Image vs Container (SO)

Docker Terminology 1

  • Docker Containers: Small user-level virtualization (isolation) that helps you install, build and run your code/workflow. All the code would be continuosly running in these containers.
  • Docker Images: An image is an inert, immutable, file that’s essentially a snapshot of a container. These are your actual committed containers (ones that have the process running, data stored, ports exposed to be used). Docker images are essentially the stored instances that you can (actually move around).
  • Dockerfile: It is a YAML (almost) based file from which Docker creates an image. It can be thought of as an automated script that has all the steps you want to execute.

Dockerfile 2

  • A Dockerfile contains the info for the container. "A Dockerfile is where you write the instructions to build a Docker image."
  • This Dockerfile is used to build the image. "Once you’ve got your Dockerfile set up, you can use the docker build command to build an image from it."

Volumes are the “data” part of a container, initialized when a container is created. Volumes allow you to persist and share a container’s data. Data volumes are separate from the default Union File System and exist as normal directories and files on the host filesystem. So, even if you destroy, update, or rebuild your container, the data volumes will remain untouched. When you want to update a volume, you make changes to it directly. (As an added bonus, data volumes can be shared and reused among multiple containers, which is pretty neat.)
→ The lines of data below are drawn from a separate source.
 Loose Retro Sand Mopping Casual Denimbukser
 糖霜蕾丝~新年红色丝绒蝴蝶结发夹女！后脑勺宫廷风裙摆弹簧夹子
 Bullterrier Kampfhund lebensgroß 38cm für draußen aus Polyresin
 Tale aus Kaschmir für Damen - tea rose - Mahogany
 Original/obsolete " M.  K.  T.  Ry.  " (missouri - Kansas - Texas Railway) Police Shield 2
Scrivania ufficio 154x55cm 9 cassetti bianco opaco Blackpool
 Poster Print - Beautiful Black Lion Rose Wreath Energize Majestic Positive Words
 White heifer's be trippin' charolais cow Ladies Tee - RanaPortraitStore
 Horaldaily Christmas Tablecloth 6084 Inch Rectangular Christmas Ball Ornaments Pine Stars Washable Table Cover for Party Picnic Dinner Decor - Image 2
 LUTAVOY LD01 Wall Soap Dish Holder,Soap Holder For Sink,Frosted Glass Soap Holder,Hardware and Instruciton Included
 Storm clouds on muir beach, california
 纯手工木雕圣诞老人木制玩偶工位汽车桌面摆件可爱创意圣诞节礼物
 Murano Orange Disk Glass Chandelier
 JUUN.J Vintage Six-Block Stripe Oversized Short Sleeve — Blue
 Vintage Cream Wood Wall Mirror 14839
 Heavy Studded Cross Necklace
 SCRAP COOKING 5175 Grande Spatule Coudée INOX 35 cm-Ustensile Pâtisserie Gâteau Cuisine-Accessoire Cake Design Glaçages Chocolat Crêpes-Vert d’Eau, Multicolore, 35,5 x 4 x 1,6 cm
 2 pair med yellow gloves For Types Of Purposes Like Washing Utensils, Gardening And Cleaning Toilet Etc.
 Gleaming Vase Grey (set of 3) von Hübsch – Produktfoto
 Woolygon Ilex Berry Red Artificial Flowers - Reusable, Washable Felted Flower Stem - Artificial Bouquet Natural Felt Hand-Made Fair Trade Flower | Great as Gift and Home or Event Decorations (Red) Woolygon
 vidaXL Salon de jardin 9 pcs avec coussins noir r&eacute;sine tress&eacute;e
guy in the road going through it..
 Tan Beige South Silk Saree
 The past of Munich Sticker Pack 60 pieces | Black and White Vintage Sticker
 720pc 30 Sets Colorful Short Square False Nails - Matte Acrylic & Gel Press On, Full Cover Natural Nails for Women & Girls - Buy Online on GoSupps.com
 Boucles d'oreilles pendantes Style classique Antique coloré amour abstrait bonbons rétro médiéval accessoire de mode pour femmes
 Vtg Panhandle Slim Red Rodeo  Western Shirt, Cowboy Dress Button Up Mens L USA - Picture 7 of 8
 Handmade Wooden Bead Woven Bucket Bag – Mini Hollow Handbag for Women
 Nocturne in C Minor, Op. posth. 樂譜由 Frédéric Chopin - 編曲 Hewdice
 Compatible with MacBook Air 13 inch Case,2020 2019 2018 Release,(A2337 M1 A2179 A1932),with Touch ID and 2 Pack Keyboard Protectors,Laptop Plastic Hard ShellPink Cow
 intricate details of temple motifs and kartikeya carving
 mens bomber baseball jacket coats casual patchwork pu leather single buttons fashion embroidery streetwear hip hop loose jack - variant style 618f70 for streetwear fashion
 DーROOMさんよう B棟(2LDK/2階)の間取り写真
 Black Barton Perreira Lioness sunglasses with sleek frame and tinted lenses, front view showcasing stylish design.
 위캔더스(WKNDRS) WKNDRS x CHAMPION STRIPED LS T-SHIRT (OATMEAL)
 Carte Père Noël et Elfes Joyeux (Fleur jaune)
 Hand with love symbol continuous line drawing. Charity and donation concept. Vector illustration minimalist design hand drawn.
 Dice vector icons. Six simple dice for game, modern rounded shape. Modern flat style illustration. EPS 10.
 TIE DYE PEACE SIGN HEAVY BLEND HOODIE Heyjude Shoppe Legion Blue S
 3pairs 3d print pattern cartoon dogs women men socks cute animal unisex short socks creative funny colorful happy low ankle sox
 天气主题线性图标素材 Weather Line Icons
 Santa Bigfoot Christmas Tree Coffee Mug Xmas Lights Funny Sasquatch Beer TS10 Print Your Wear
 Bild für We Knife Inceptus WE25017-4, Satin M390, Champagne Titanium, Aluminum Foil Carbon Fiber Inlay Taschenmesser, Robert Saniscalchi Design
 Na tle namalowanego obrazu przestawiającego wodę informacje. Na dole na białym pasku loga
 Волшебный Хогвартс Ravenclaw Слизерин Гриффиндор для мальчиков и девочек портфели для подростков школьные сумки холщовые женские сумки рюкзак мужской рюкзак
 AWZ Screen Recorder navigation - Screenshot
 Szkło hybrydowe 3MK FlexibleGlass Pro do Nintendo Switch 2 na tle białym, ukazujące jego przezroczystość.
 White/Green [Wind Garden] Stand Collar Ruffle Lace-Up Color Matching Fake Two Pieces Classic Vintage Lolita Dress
Creating a container is Docker is done with the run command followed by, amongst other things, a command to run within the container. There can be only one CMD command. It’s the philosophy of docker — one process per container.

Pollution: Uwanted Images & Containers

  • Everytime a container is spun up and then exited, it remains in the list of containers, but in an "Exited" state.
  • To remove unwanted containers, run 'docker rm [container-id]' 3
  • To get the container-id run docker ps -a and the list starts with each container's id.